(Collection entries)
==================================================
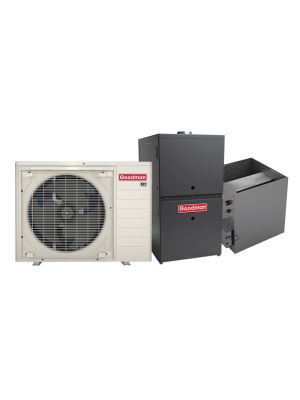 Goodman 2 Ton 19 SEER2 Variable-Speed Inverter AC & Gas Furnace System - 60,000 BTU 80% AFUE Variable-Speed Upflow Gas Furnace, R32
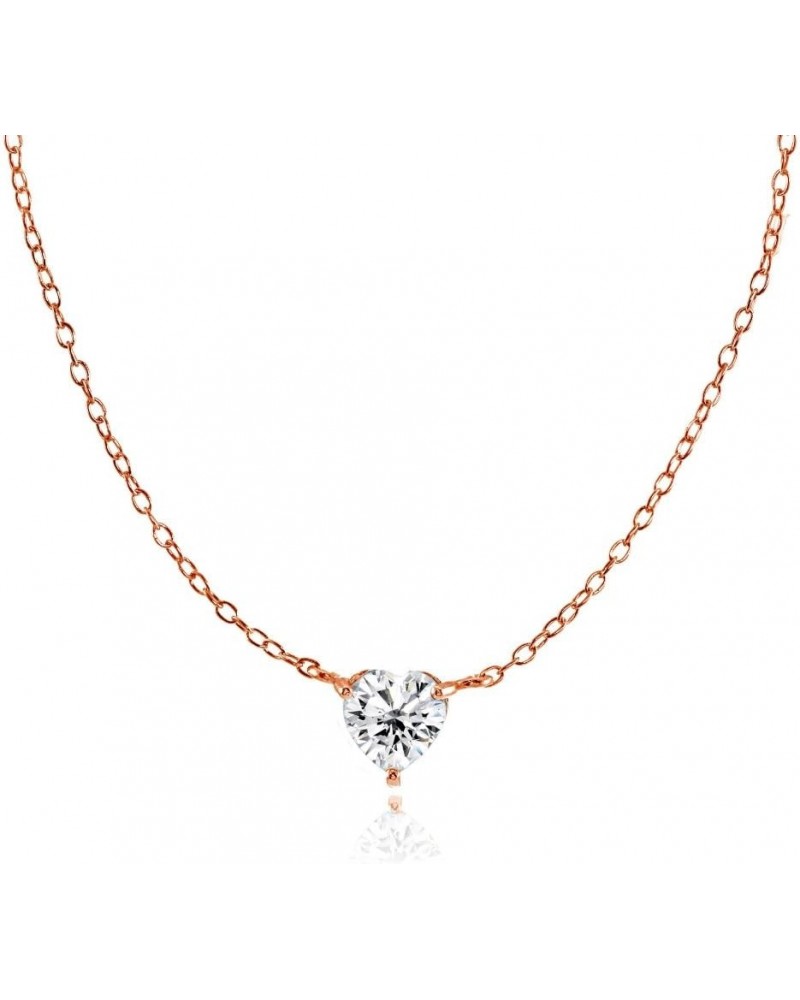 Rose Gold Flashed Sterling Silver Small Dainty Cubic Zirconia Heart Choker Necklace Cubic Zirconia $11.07 Necklaces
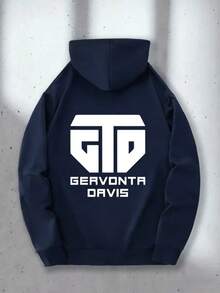 Men's Hoodie, Casual Pullover With White Letter Print |   Kangaroo Pocket - White - View 4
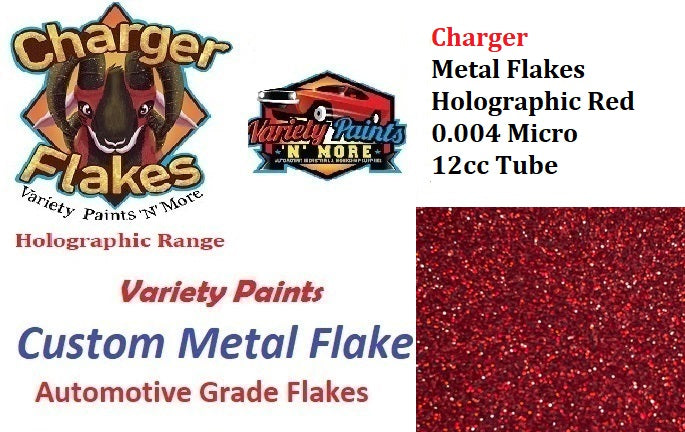 Charger Metal Flakes Holographic Red 0.004 Micro 12cc Tube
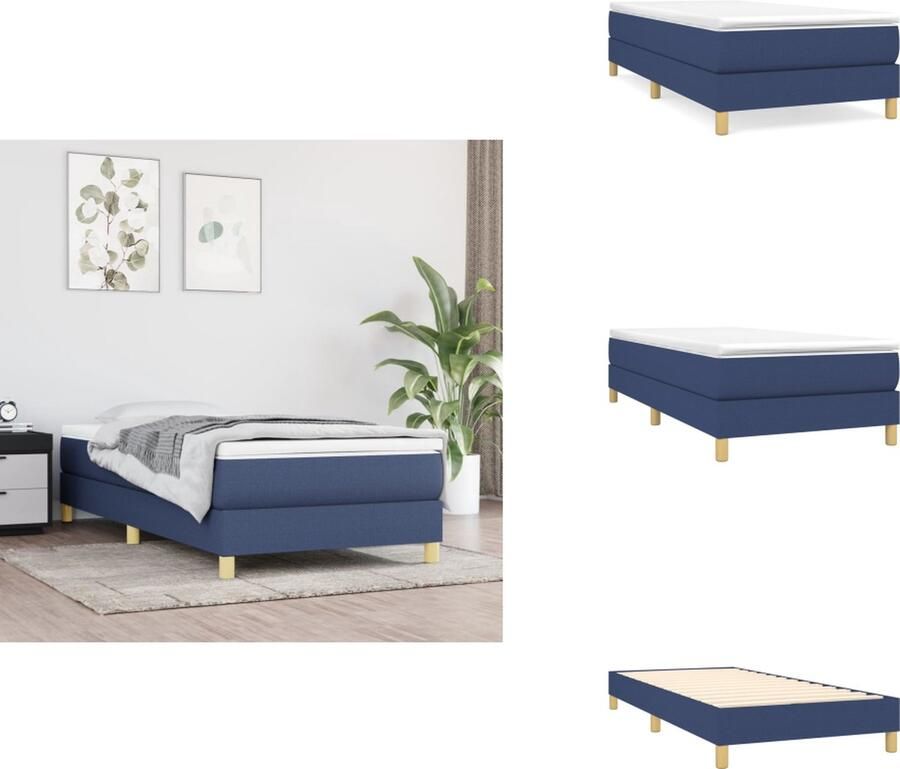 VidaXL Boxspringbed Pocketvering Middelharde ondersteuning Huidvriendelijk topmatras Blauw 203 x 100 x 25 cm 100 x 200 x 20 cm 100 x 200 x 5 cm Bed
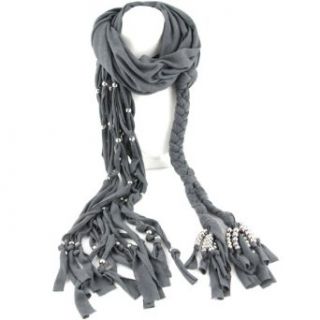 Gray   Seamless Braided   Argyle Shaped Tassel   Jewelry Scarf   Beaded Accent   70"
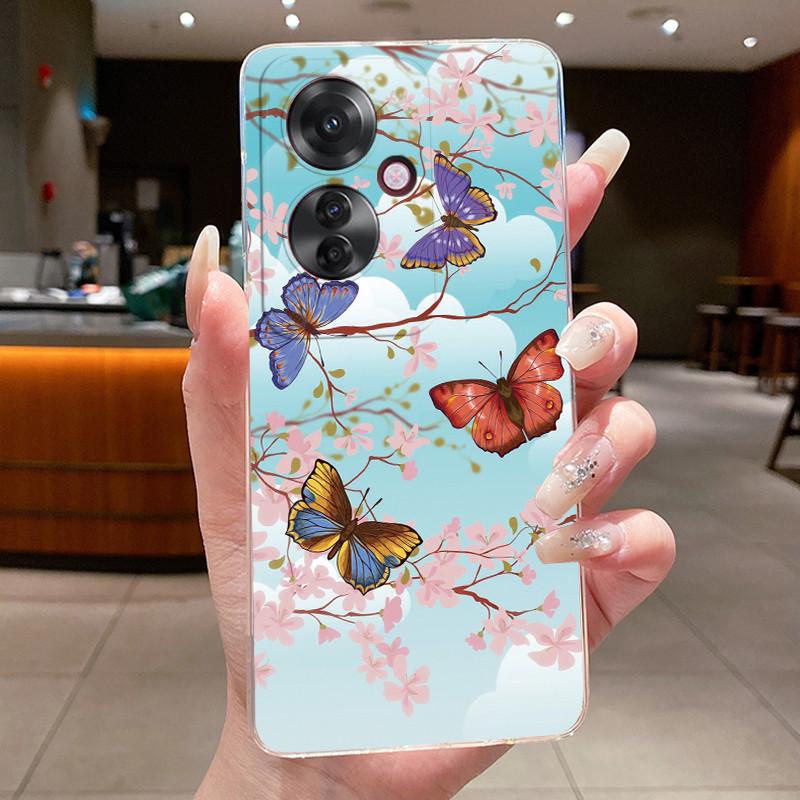 Für OPPO Reno 11F / Reno 11A Hülle Klar Luxus Mode Schmetterling Blumen Weiches TPU Silikon Abdeckung für OPPO Reno11 F A Handyhülle
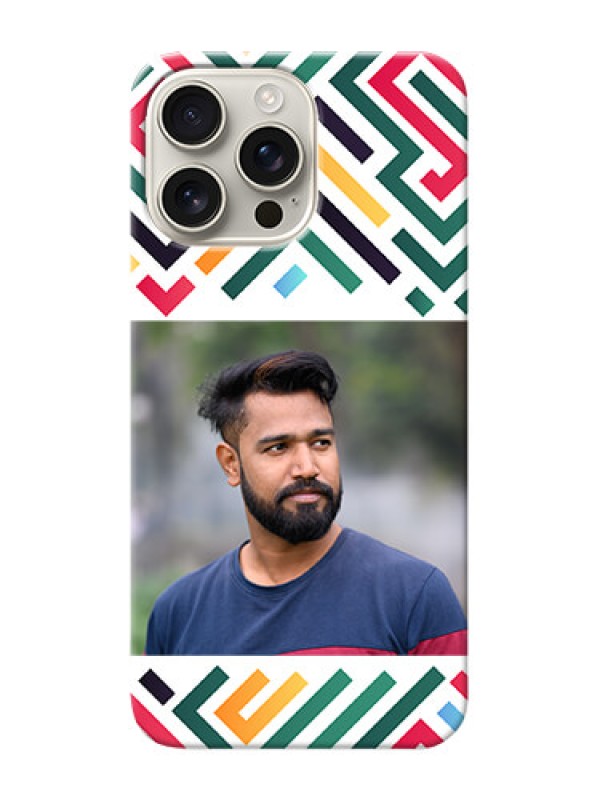 Custom iPhone 16 Pro Max Personalized Phone Case with Colorful Maze Pattern Design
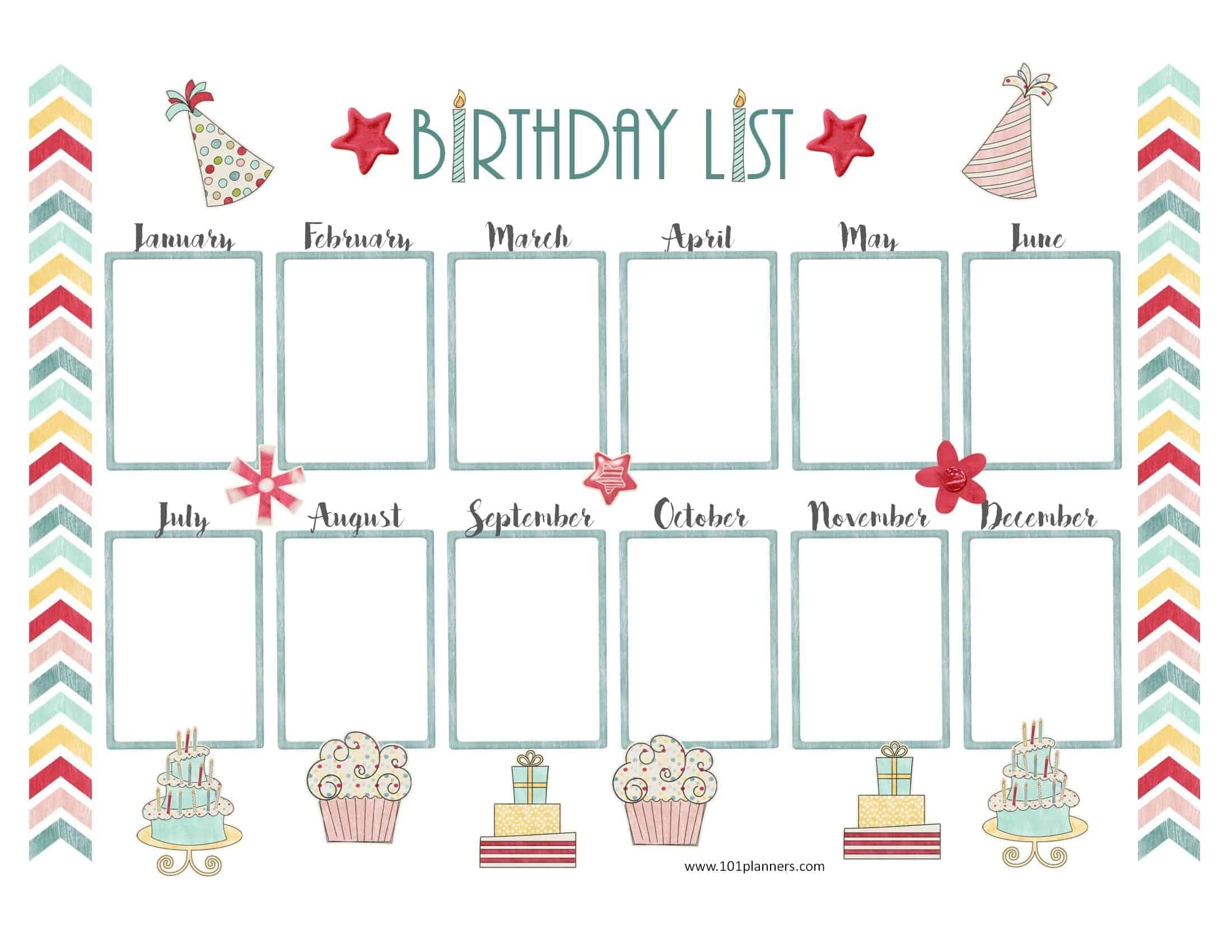 Birthday Calendar Template Incredible Free Printable Birthday Calendar Template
==================================================
■ **Work order**
An exact copy of the records above is required, leaving out the pictures.

■ **Solution for this task**
 Goodman 2 Ton 19 SEER2 Variable-Speed Inverter AC & Gas Furnace System - 60,000 BTU 80% AFUE Variable-Speed Upflow Gas Furnace, R32
 Rose Gold Flashed Sterling Silver Small Dainty Cubic Zirconia Heart Choker Necklace Cubic Zirconia $11.07 Necklaces
 Men's Hoodie, Casual Pullover With White Letter Print |   Kangaroo Pocket - White - View 4
 Charger Metal Flakes Holographic Red 0.004 Micro 12cc Tube
 VidaXL Boxspringbed Pocketvering Middelharde ondersteuning Huidvriendelijk topmatras Blauw 203 x 100 x 25 cm 100 x 200 x 20 cm 100 x 200 x 5 cm Bed
 Gray   Seamless Braided   Argyle Shaped Tassel   Jewelry Scarf   Beaded Accent   70"
 Für OPPO Reno 11F / Reno 11A Hülle Klar Luxus Mode Schmetterling Blumen Weiches TPU Silikon Abdeckung für OPPO Reno11 F A Handyhülle
 Custom iPhone 16 Pro Max Personalized Phone Case with Colorful Maze Pattern Design
 Birthday Calendar Template Incredible Free Printable Birthday Calendar Template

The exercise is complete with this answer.